**Exercise goal:** Pictures stay out, but every line of the data is copied exactly.

**Supplied information:**
□ □ □ □ □ □ □

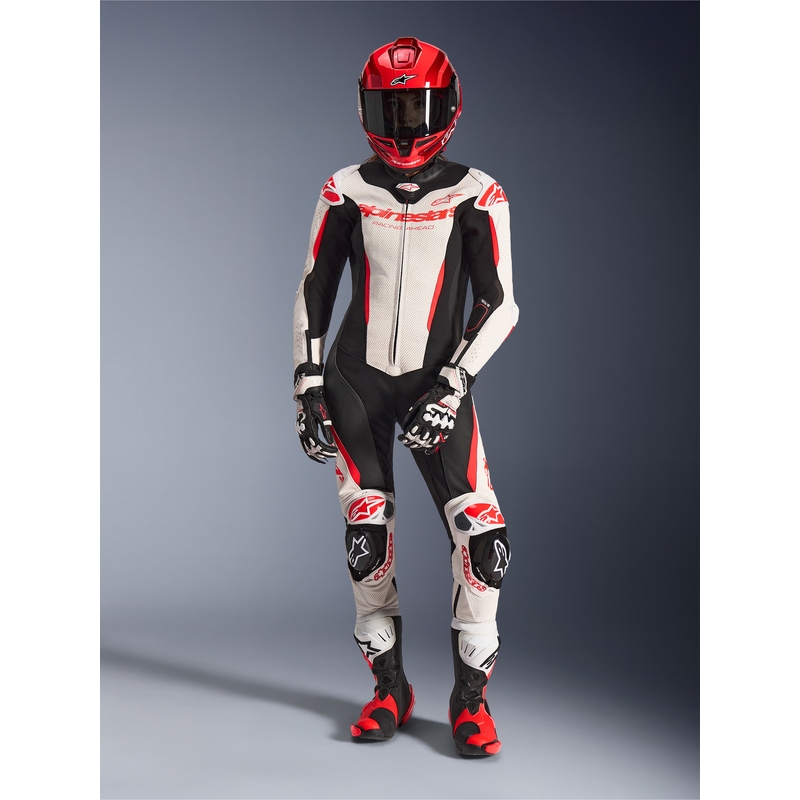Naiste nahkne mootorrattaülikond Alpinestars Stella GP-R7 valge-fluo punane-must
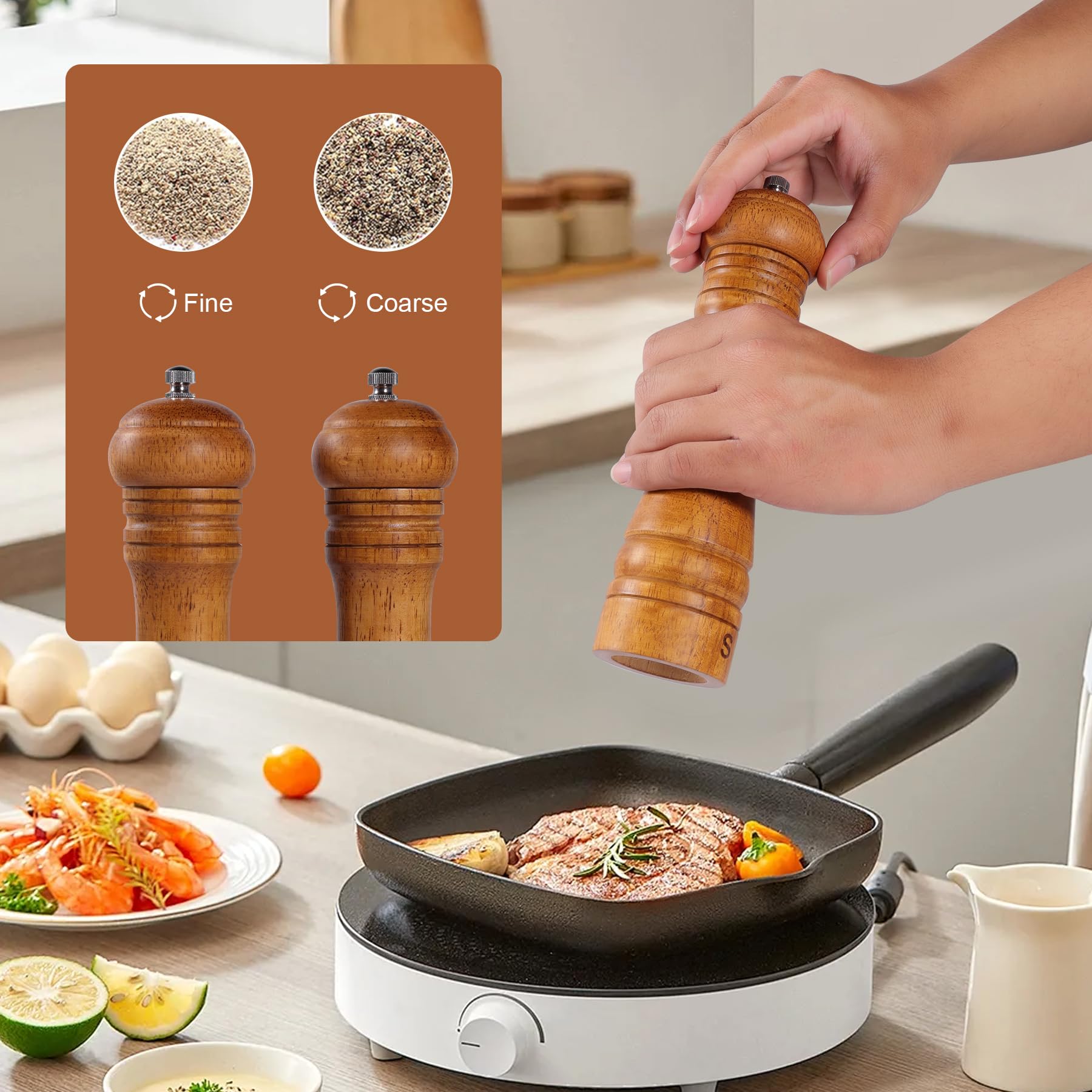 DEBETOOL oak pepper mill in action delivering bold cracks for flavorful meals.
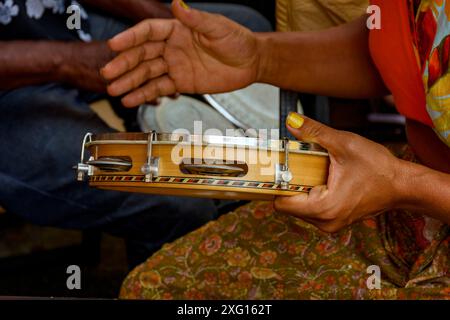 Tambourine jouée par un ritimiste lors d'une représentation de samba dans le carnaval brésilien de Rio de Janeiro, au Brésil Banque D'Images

□ □ □ □ □ □ □

**Exercise response:**
Naiste nahkne mootorrattaülikond Alpinestars Stella GP-R7 valge-fluo punane-must
 DEBETOOL oak pepper mill in action delivering bold cracks for flavorful meals.
 Tambourine jouée par un ritimiste lors d'une représentation de samba dans le carnaval brésilien de Rio de Janeiro, au Brésil Banque D'Images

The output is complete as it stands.